In contrast, South-South trade – exchanges between developing economies in Asia, Africa, Latin America, and the Middle East – is growing at nearly twice that pace, despite a smaller base of around US$ trillion. More striking is the South-to-China corridor, now worth US$3 trillion and expanding at close to 6 percent per year – the fastest-growing trade route in the world.
This isn’t a minor trend. It’s a structural transformation.
Demographics Drive Demand
At the heart of this shift is one undeniable fact: the Global South is where the world’s people are – and where its future consumers are being born.
Home to over 6 billion people, the region is projected to add nearly 2 billion new middle-class consumers by 2035. That’s 2 billion more people buying food, smartphones, vehicles, energy, and digital services.
It’s not just about population; it’s about purchasing power, urbanization, and rising aspirations.
India exemplifies this evolution. Once known primarily as a hub for IT outsourcing, the country is now emerging as a global manufacturing powerhouse.
Through initiatives like “Make in India,” and the rapid growth of domestic champions in telecom, renewable energy, and digital platforms, India is no longer just a low-cost supplier – it’s a full-spectrum economy: innovator, producer, and consumer.
Its trade narrative has shifted from cost arbitrage to scale, speed, and technological integration.
Africa: From Resource Supplier to Innovation Hub
Africa, long typecast as a supplier of raw materials, is undergoing a quiet but profound transformation.
The African Continental Free Trade Area (AfCFTA) has the potential to create a $3 trillion integrated market – the largest by number of participating countries in the world. If fully realized, AfCFTA could boost intra-African trade by over 50 percent within a decade.
Beyond trade agreements, Africa is leapfrogging traditional development stages through digital innovation. Mobile money transactions across the continent now exceed $800 billion annually – more than double the volume in 2019. From fintech startups in Lagos to agritech solutions in Nairobi, Africa is proving it’s not just a market for others’ technologies, but a creator of its own.
The continent is evolving into both a demand center and an innovation lab.
China: The Southern Connector
China’s role in this new trade order cannot be overstated. As the world’s largest trading nation, China has strategically positioned itself as the primary economic link between the Global South and the rest of the world.

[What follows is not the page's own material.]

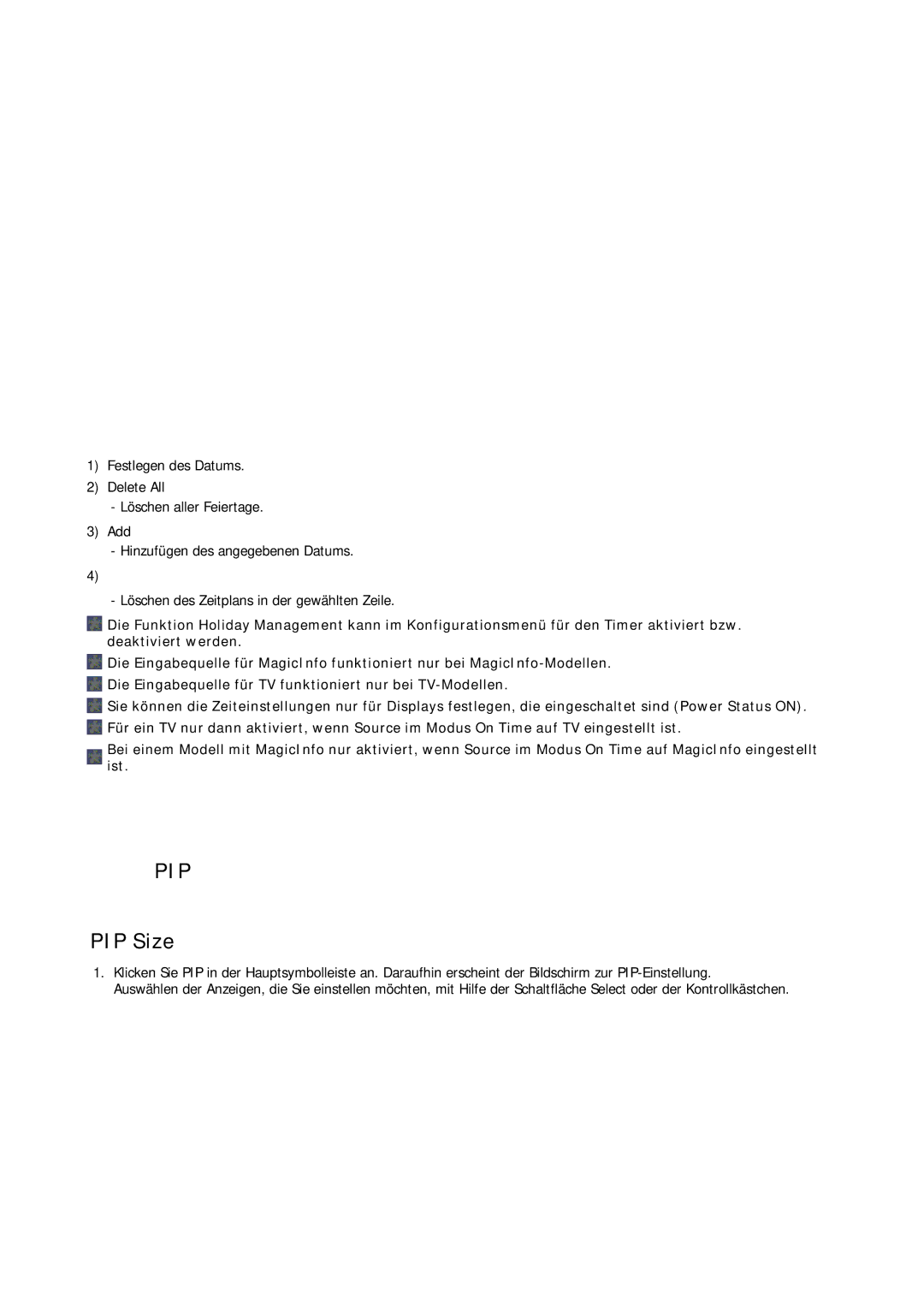 Samsung LH32CRSMBC/EN, LH32CRTMBC/EN, LH32CRSMBD/EN manual Pip, PIP Size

Through the Belt and Road Initiative (BRI), China has financed and built infrastructure – from ports in Pakistan to railways in East Africa – that is reshaping trade logistics. Its digital platforms are expanding across Southeast Asia and Africa, while its energy partnerships with Gulf states and Latin America deepen interdependence.

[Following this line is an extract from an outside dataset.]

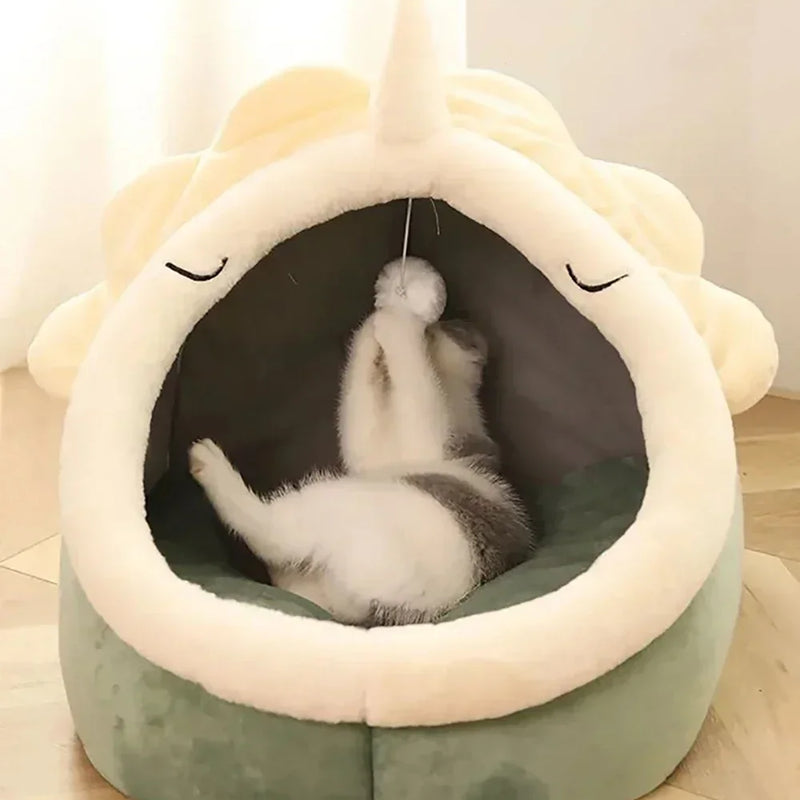 Cat Bed House Kennel Nest Round Pets Sleeping Cave Kitten Beds Pet Basket Cozy Kitten Lounger Cushion Cat House Tent Dog House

China’s trade with the Global South is not just growing – it’s redefining the rules of engagement.
Rebalancing, Not Decoupling
The $5 trillion North-to-South trade corridor, growing at nearly 4 percent annually, underscores a critical truth: the future of global trade is not about disengagement, but rebalancing.
The Global North remains essential – its capital markets, technological leadership, and regulatory frameworks continue to shape global standards. But the center of gravity is shifting.
The South is no longer a periphery; it is central to supply chains, consumer markets, and innovation ecosystems.
A New Map for a New Era
If global trade is a mirror of global power, then the reflection is changing. The unipolar economic order is giving way to a multipolar reality – one with multiple axes, diverse growth engines, and interconnected regional blocs.
The question now is whether businesses, policymakers, and investors are ready to adapt.
Are supply chains being redesigned to reflect new trade corridors? Are investment strategies accounting for the rise of Southern middle classes?
Are diplomatic and trade policies aligned with this new geography?
Or are we still navigating with yesterday’s compass?
The trade winds have changed. The only question is who will sail with them – and who will be left behind.
Dishant Shah is a partner at Legion Exim, a company specializing in facilitating the export of high-quality engineering products directly sourced from manufacturers in India to Africa. His areas of expertise include new business development and business management.